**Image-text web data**
************

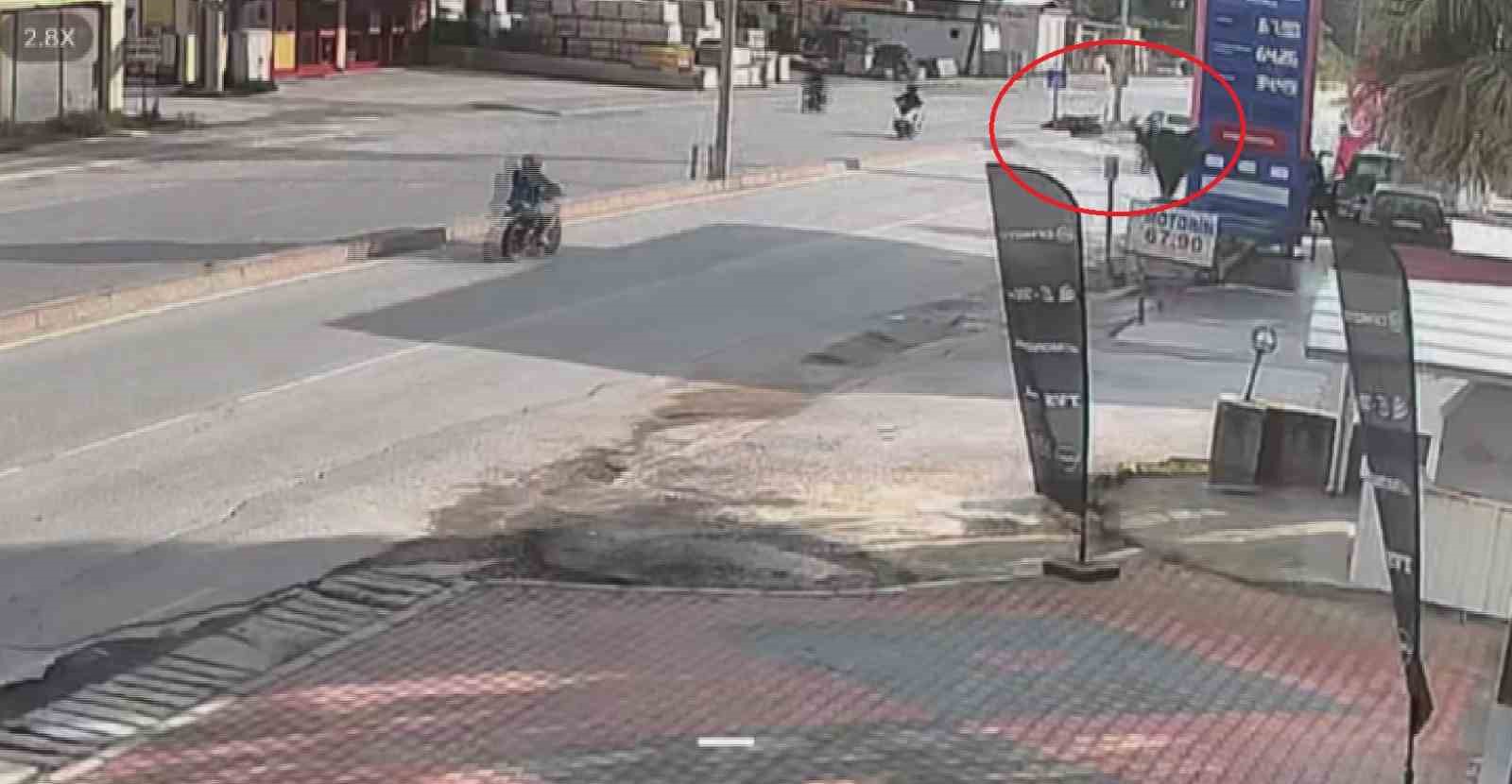 Yaya geçidini kullanmaya çalışan otomobille çarpışan motosikletli metrelerce havaya uçtu
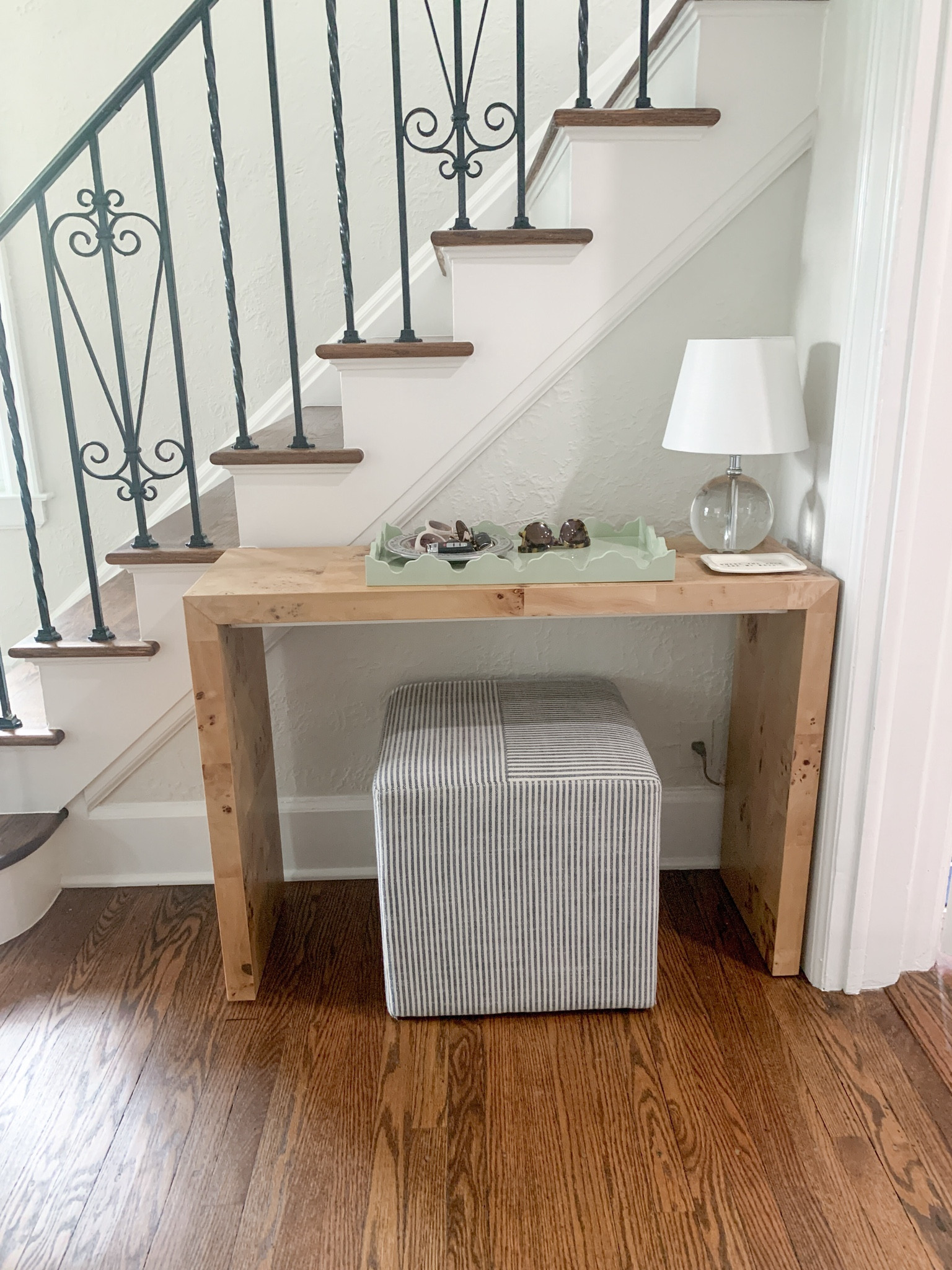 Moved my burlwood table to our entryway and it’s perfect here 

#LTKHome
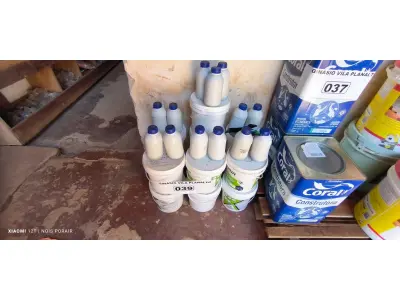 LOTE 039 - 13 LATAS DE 5KG COM COLA PISO AUBICON (NO ESTADO, NÃO SABEMOS SE FUNCIONA. LEILÃO NÃO TEM GARANTIA E NEM DEVOLUÇÃO).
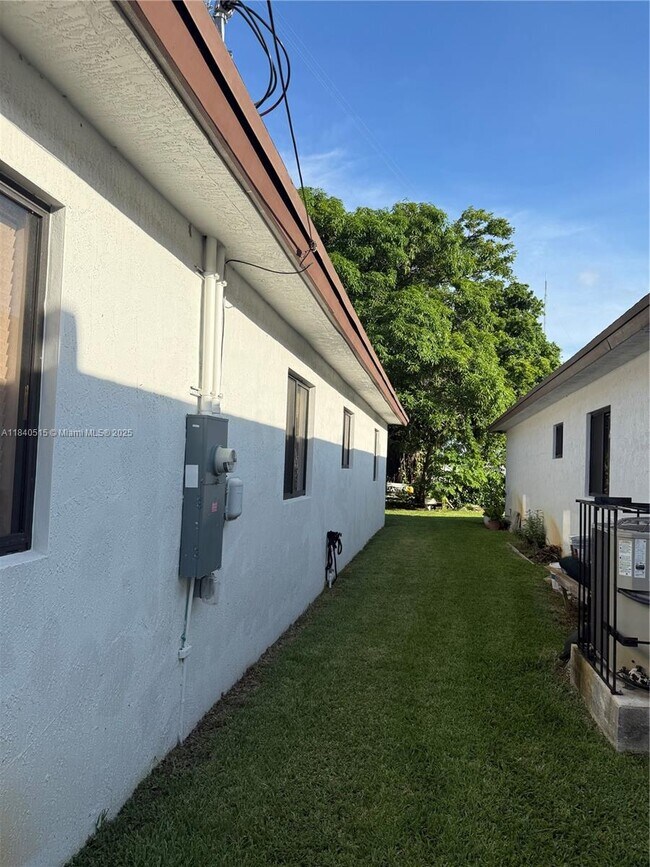 Foto del edificio - 5140 SW 24th St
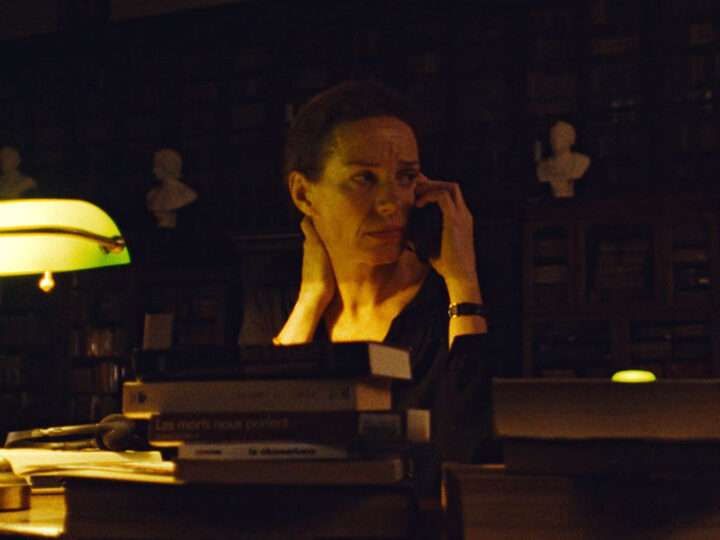Cinema Jove propone un universo de ciencia ficción para amantes de las bibliotecas y los libros en ‘Chronovisor’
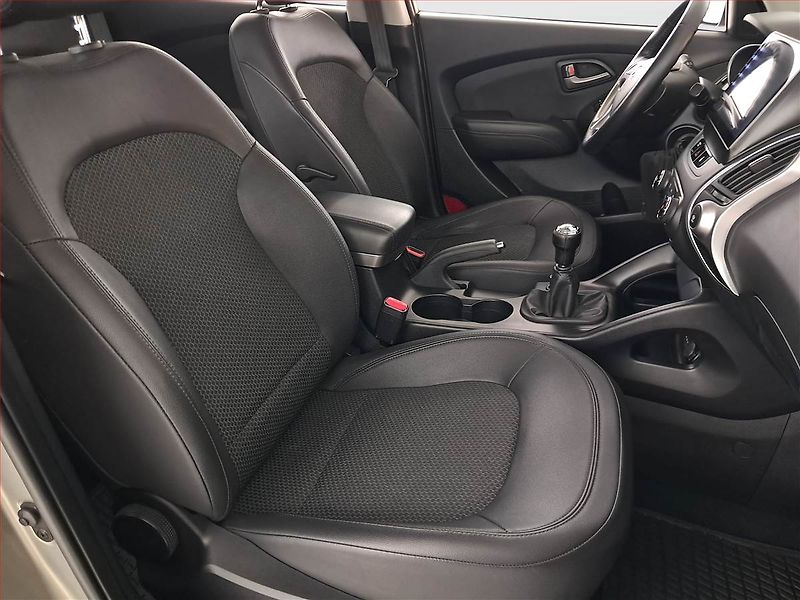 Hyundai ix35 (2010) 2.0 CVVT, 4X4, Navi - fotka 9 z 20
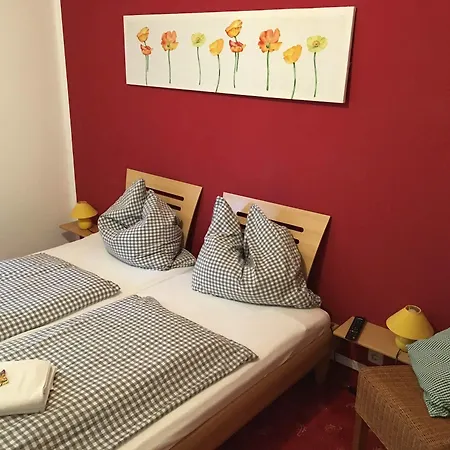 Bed & Breakfast Schwansee 2*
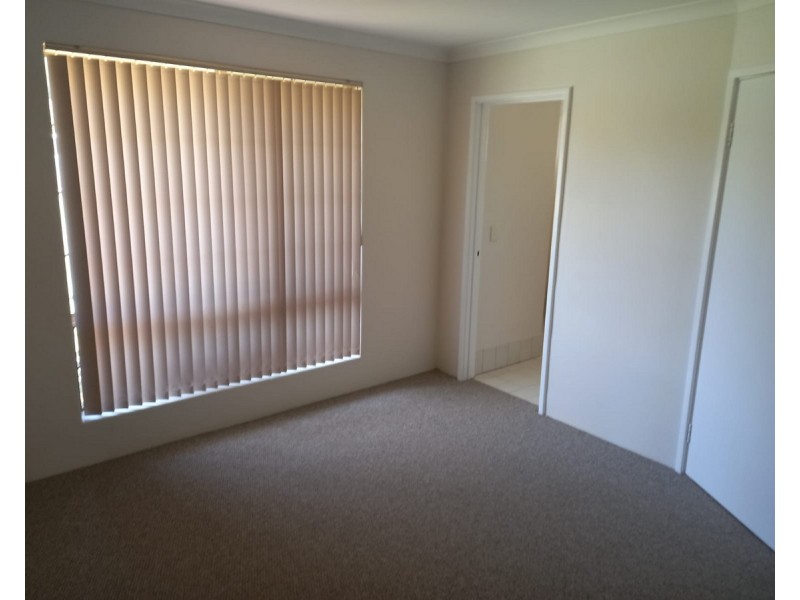 27 Acheson Crescent, Woodvale WA 6026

************

**Your objective**
All lines from the one holding "Hyundai ix35 (2010)" through the last line of the entries, and nothing else, are to be output exactly; leave out the pictures.

**Written solution**
 Hyundai ix35 (2010) 2.0 CVVT, 4X4, Navi - fotka 9 z 20
 Bed & Breakfast Schwansee 2*
 27 Acheson Crescent, Woodvale WA 6026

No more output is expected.